Jürgen Klopp hat in Brooklyn die Karten auf den Tisch gelegt – und dabei eine klare Botschaft geschickt: Deutschland kann Weltmeister werden, aber hinten rauscht noch zu viel Luft durchs Getriebe.

Keine tipps für nagelsmann – aus prinzip

Der frisch gebackene adidas-Botschafter lehnte jede Beratung zu möglichen Rotationen im Gruppenfinale gegen Ecuador knallhart ab. „Wer soll schon besser Bescheid wissen als Julian selbst?“, sagt der 59-Jährige und schlägt dabei rhythmisch die Handfläche auf den Tisch. Seine Maxime: Man geht nie spurlos in ein Spiel, nur weil es „bedeutungslos“ heißt. Siege sind Stimmungskanonen, Niederlagen bleiben im Koffer kleben.

Klopp erinnert sich an seine eigene Zeit: „Ich habe rotiert, um frische Beine und keinen Sonntagstrainer-Fußball zu liefern.“ Das klingt wie eine indirekte Aufforderung, alle Hemmschwellen gegen Ecuador niederzubrennen und den Spielfluss weiter zu kalibrieren.

Hinter den kulissen: defensive achtung vor dem achtelfinale

Hinter den kulissen: defensive achtung vor dem achtelfinale

Der ehemalige Liverpool-Coach attestierte der DFB-Elf zwar einen „richtig guten“ Klang, registrierte aber einen Hauch Säure im defensiven Umschaltmoment. „Da ist noch Spielraum – und zwar messbar“, sagt er und zieht die Augenbrauen hoch.
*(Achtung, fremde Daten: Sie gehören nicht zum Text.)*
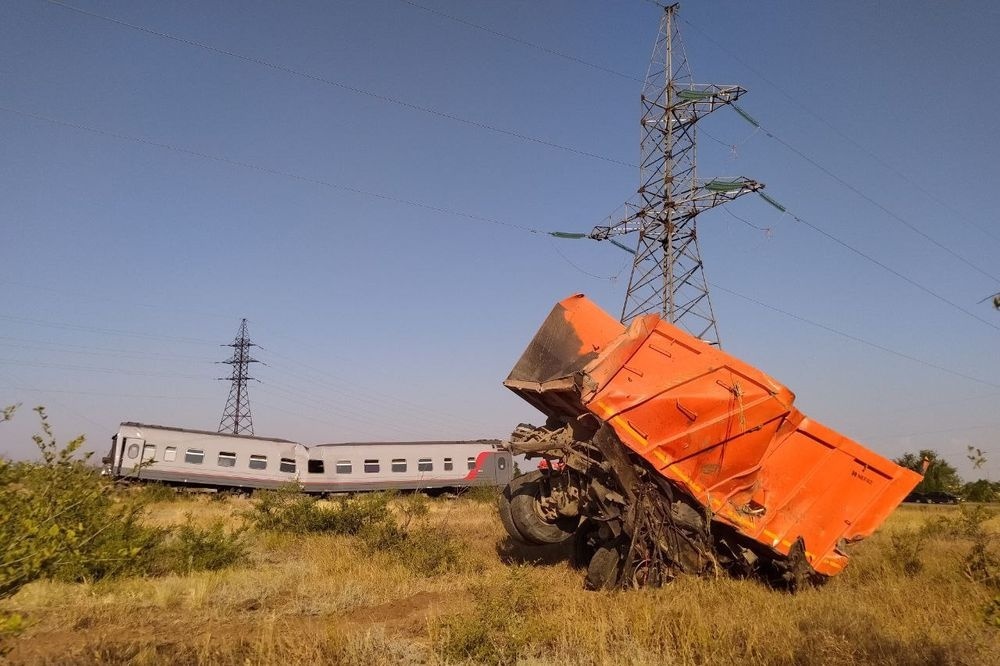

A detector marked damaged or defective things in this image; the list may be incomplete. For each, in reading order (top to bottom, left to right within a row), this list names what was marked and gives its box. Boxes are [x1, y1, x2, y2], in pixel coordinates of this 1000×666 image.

overturned truck [500, 294, 920, 588]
Die Rede ist von Sekundenbruchteilen, in denen Gegner wie Ecuador mit Tempogegenstößen die Lücken aufreißen könnten.

Überraschend: Klopp nennt bislang keinen klaren Turnierfavoriten. „Ich träume von Deutschland, aber es gibt genug Teams, die morgen früh genauso gut aufstehen könnten.“ Seine Formel klingt wie ein Mantra: Qualität plus Glück plus eine geölte Abwehrkette.

Die Trinkpausen? „Definitiv zu lang“, schiebt er noch hinterher und lacht schief. Vielleicht liegt das Geheimnis genau darin: Sekunden sparen, Nerven schonen, Platz vernichten – und dann vollends Gas geben.

Am Ende bleibt eine nüchterne Erkenntnis: Deutschland hat das Potenzial, aber die Abwehr muss noch einen Zahn zulegen, will man am 19. Juli im MetLife Stadium stehen. Dafür braucht es keine Ratschläge von außen, sondern ein klares Signal von innen.